#### Record extracts
<<<<
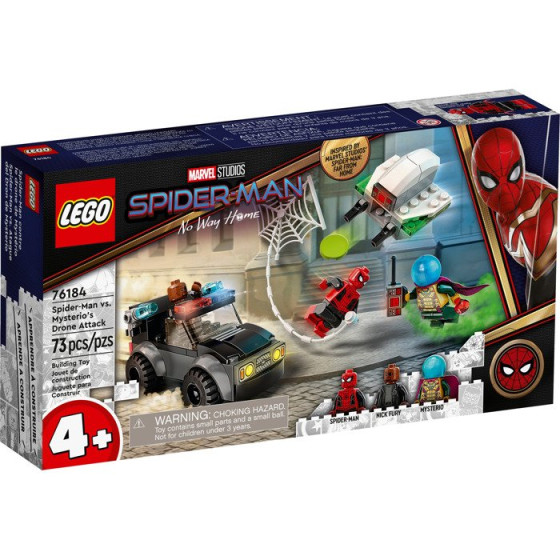 LEGO Marvel Super Heroes - 76184 - Spider-Man vs. Ataque del Dron de Mysterio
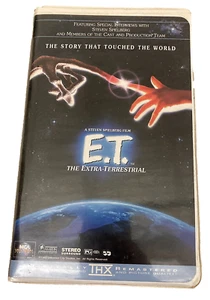E.T., The Extra Terrestrial (1982), VHS Movie, MCA Clamshell Release (1996) - Picture 1 of 3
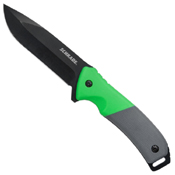 Schrade Outdoor SCP17-36 Black and Green Handle Fixed Blade Knife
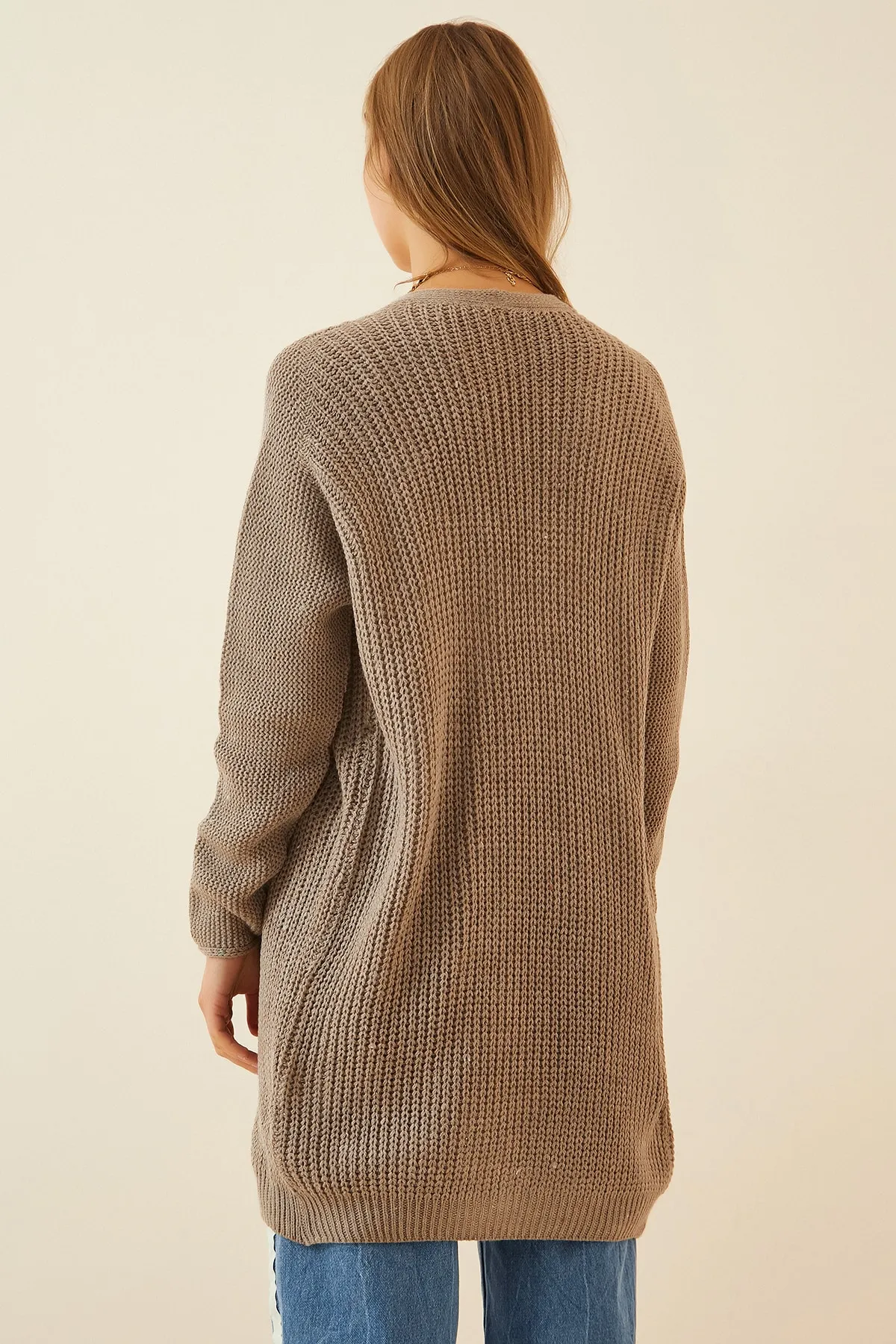 Happiness İstanbul  Strickjacke - Braun - Regular Fit
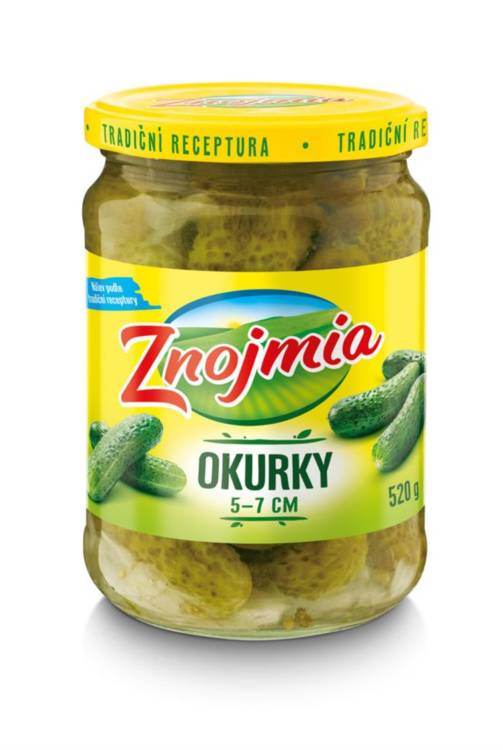 Znojmia Okurky 5-7cm 520g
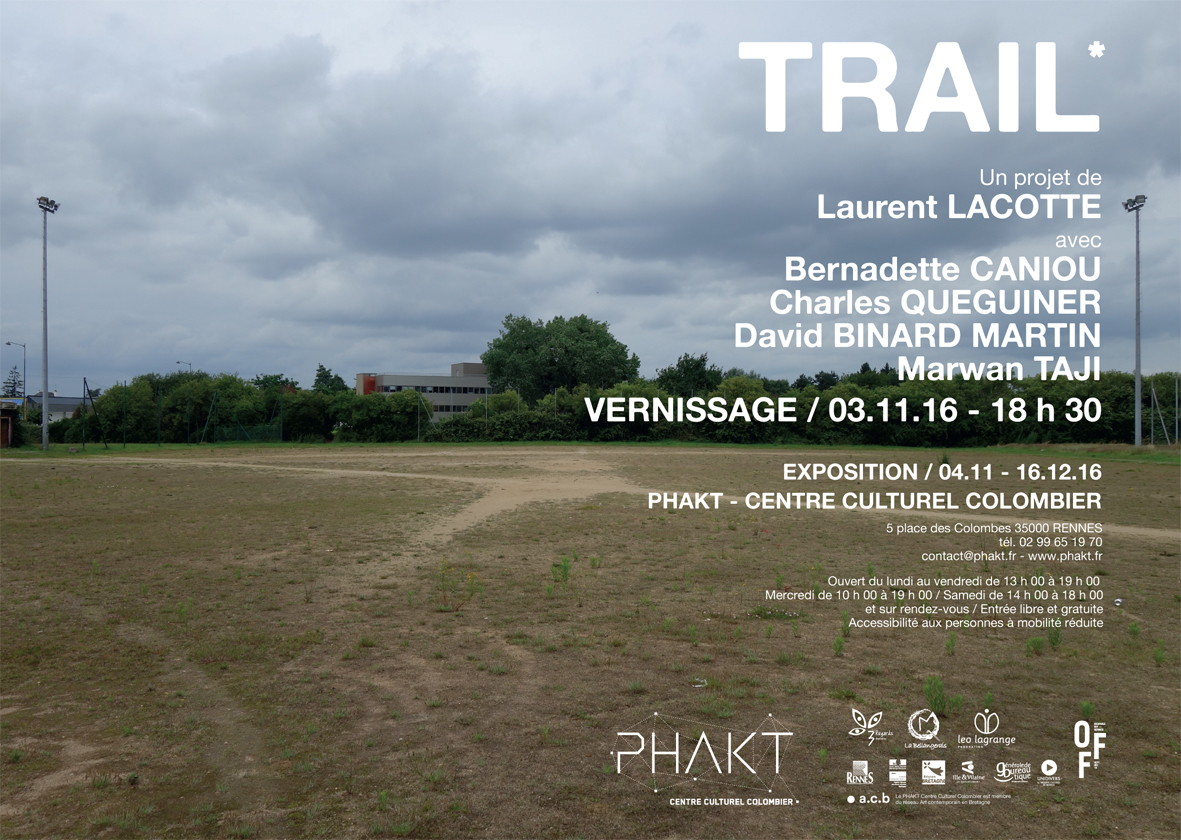 Exposition « TRAIL : sentier, piste, trace de passage » de Laurent Lacotte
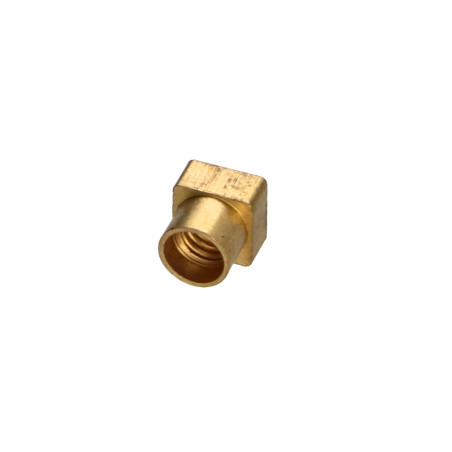 1 x Nut Square Brass M3.5 Pitch 60 5X5X5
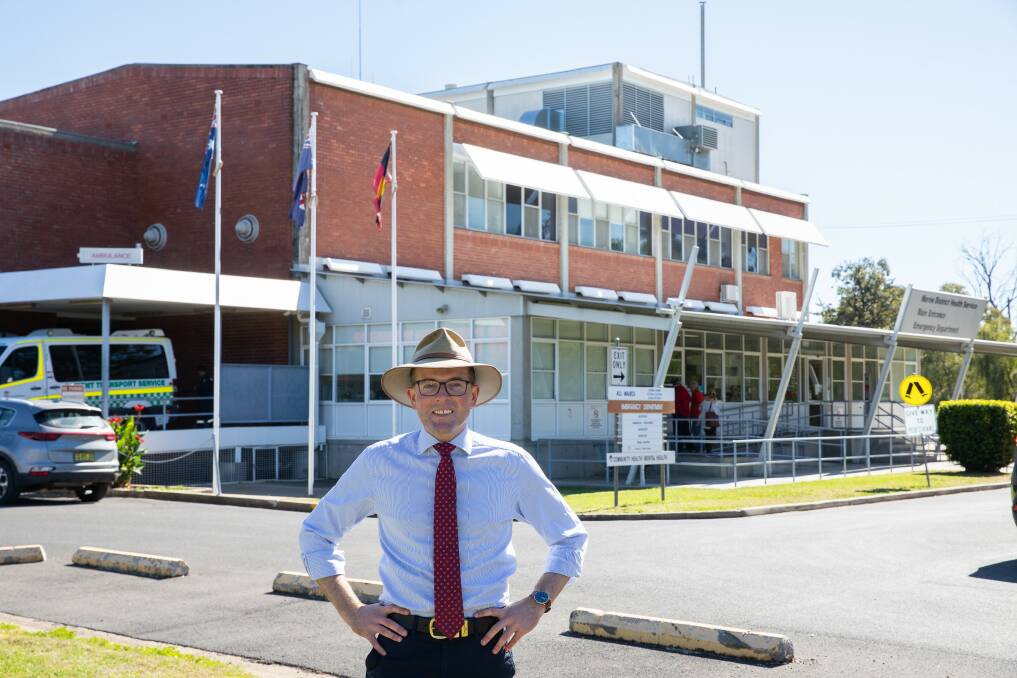 SHARE YOUR THOUGHTS: Member for Northern Tablelands, Adam Marshall, is encouraging the community to have its say on the draft masterplan for the $80 million Moree District Hospital redevelopment next week. Photo: Supplied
>>>>
#### Task prompt
Would you give again exactly the lines from the line containing "Znojmia Okurky 5-7cm 520g" through the end of the listing, both ends included, without any pictures?

#### Solution below
 Znojmia Okurky 5-7cm 520g
 Exposition « TRAIL : sentier, piste, trace de passage » de Laurent Lacotte
 1 x Nut Square Brass M3.5 Pitch 60 5X5X5
 SHARE YOUR THOUGHTS: Member for Northern Tablelands, Adam Marshall, is encouraging the community to have its say on the draft masterplan for the $80 million Moree District Hospital redevelopment next week. Photo: Supplied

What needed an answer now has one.